A outra grande excepção ao domínio não-americano é uma surpresa, embora não devesse ser. Os Clippers, após anos a apostar em diferentes combos de super-estrelas, parecem imparáveis desde a adição de James Harden – quase dá vontade de rir, porque Harden, nos últimos anos, tem jogado como se fizesse um frete. Mas não nos Clippers, onde tem funcionado como um ótimo facilitador. Talvez o segredo esteja na saúde: pela primeira vez em anos, tanto Paul George como Kawhi Leonard têm estado bem fisicamente e jogado quase sempre – Leonard, então, tem discretamente subido de forma e está a jogar a nível MVP, o que faz pensar o que teria sido a sua carreira se não fossem os anos de lesões consecutivas.
Agora imaginemos que querem apostar dinheiro no vencedor da NBA – um cêntimo, digamos, que não queremos nem que fiquem viciados no jogo nem que percam guito (o que me faria sentir responsável). Com a lesão de Embiid os 76rs parecem arredados da contenda a Este – mas atenção à forma extraordinária de Cleveland, que, além de contarem com a super-estrela Donovan Mitchell, têm Jarrett Allen, Evan Mobley e Darius Garland; atenção aos Knicks, que não são a equipa mais sexy do mundo, mas defendem como animais assustados e contam com Brunson, Julius Randle, Anunoby e Bogadnovic (ninguém quer apanhar os Knicks pela frente, e com boa razão); atenção aos Bucks, que têm Giannis e Dame – se, por alguma razão miraculosa, Doc Rivers descobrir uma forma de os pôr a defender, então têm de ser candidatos
Se isto parece complicado, então o que se passa a Oeste é capaz de colocar a ferver a mente mais elevada em cálculo e estatística. Oklahoma está em primeiro mas Shai, Chet e Gidey são muito novos e inexperientes e é dúbio que resistam às sucessivas contendas dos playoffs. Minnesota é outra conversa. Depende muito do seu trio de estrelas (Gobert, Karl-Anthony Town e Anthony Edwards) mas têm tudo: defesa dura, proteção do aro, lançamento, penetração, luta nas tabelas. Os Clippers subiram muito – mas eu não confiaria na saúde de três estrelas envelhecidas e numa equipa que não tem uma rotação muito forte.

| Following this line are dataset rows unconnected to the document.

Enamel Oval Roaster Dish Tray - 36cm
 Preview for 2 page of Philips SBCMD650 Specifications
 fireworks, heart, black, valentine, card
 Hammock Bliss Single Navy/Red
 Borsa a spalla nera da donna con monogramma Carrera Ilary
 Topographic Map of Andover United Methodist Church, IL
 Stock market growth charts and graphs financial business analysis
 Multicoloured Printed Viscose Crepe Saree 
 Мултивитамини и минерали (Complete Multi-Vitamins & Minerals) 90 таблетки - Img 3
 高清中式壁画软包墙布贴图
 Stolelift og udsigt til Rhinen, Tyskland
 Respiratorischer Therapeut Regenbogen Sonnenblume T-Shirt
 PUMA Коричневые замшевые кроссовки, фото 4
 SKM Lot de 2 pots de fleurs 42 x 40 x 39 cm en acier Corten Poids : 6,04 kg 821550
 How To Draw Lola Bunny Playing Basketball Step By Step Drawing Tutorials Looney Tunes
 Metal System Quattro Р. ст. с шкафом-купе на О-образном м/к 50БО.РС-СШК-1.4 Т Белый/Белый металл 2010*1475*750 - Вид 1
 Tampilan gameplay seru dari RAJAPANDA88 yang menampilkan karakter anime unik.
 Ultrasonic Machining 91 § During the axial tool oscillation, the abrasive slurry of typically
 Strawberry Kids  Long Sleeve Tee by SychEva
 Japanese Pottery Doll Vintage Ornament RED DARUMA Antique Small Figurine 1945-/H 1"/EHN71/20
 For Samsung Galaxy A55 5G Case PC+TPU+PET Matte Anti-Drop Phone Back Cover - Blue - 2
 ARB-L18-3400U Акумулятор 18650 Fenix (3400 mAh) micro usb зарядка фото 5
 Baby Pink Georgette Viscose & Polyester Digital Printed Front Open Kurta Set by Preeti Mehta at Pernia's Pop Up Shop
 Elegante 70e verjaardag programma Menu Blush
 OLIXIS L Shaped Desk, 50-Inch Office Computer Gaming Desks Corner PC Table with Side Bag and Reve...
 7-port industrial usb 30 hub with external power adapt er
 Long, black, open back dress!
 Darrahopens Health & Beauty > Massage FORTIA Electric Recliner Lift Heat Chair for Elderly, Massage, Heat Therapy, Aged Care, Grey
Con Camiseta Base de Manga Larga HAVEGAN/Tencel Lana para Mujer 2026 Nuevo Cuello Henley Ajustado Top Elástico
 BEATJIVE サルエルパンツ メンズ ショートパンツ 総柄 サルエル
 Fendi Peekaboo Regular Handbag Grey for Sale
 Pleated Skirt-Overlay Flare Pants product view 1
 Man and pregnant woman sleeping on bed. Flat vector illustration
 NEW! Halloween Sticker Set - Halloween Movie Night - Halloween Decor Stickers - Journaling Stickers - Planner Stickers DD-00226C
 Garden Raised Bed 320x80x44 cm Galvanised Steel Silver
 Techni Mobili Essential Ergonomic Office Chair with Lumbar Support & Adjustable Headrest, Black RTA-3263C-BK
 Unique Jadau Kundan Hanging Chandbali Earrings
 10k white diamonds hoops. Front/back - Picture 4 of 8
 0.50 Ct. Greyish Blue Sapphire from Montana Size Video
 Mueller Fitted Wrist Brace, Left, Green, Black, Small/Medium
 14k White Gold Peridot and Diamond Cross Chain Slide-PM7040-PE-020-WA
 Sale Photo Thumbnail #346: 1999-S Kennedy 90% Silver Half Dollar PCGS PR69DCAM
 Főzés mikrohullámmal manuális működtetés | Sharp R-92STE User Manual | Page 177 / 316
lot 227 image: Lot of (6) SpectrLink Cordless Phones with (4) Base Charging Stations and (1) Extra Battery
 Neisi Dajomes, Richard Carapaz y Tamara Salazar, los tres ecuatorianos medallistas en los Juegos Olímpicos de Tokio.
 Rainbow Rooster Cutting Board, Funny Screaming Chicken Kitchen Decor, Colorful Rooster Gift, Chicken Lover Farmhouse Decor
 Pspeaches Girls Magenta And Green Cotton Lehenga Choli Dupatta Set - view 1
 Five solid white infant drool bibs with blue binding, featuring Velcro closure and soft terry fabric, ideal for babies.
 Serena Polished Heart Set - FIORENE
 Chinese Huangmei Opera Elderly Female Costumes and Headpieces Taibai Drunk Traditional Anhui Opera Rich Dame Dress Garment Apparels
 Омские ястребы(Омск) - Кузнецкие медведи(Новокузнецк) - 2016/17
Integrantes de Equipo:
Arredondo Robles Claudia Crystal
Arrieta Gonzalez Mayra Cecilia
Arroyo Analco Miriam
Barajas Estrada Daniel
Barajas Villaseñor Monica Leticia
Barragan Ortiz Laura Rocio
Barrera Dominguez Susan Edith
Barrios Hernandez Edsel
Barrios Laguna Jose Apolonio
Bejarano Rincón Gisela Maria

Só que convém não desmerecer quem segue atrás. Os campeões, Denver, estão em quarto, mas até agora parecem ter jogado em modo passeio. Alguém duvida que quando chegar a hora Jokic vai acelerar? Dallas segue em sétimo, apenas com menos uma vitória que os quintos (os Pelicans), mas tem Doncic e Kyrie e Doncic é menino para botar 70 pontos no cesto quando for preciso. Um lugar acima estão os Suns, que andaram o ano inteiro a lidar com lesões consecutivas – mas quando pensamos no potencial de lançadores como Durant, Booker, Lillard e Grayzen Allen mais vale não fazer grandes previsões.
O mais lógico, a Oeste, é esperar uma final entre Minnesota e Denver (a menos que os Nuggets não subam um lugar); no Este, não fora a lesão de Embiid, e Bucks-Celtics era quase garantido como final de conferência. Assim, está tudo à espera da fibra que Knicks, Cleveland, Pacers e Heat (que passam metade da época a jogar mediocremente, para nesta altura despertarem e tornarem-se em assassinos cruéis e sem piedade) mostrem.
Eu punha o meu dinheiro em Celtics-Denver na final, mas eu não jogo. A minha única certeza é que as grandes estrelas da NBA são não-americanas, as pessoas ligam a televisão para ver os não-americanos – e que dentro de quatro, no máximo cinco anos, a final contará sempre com um tal Wembanyama.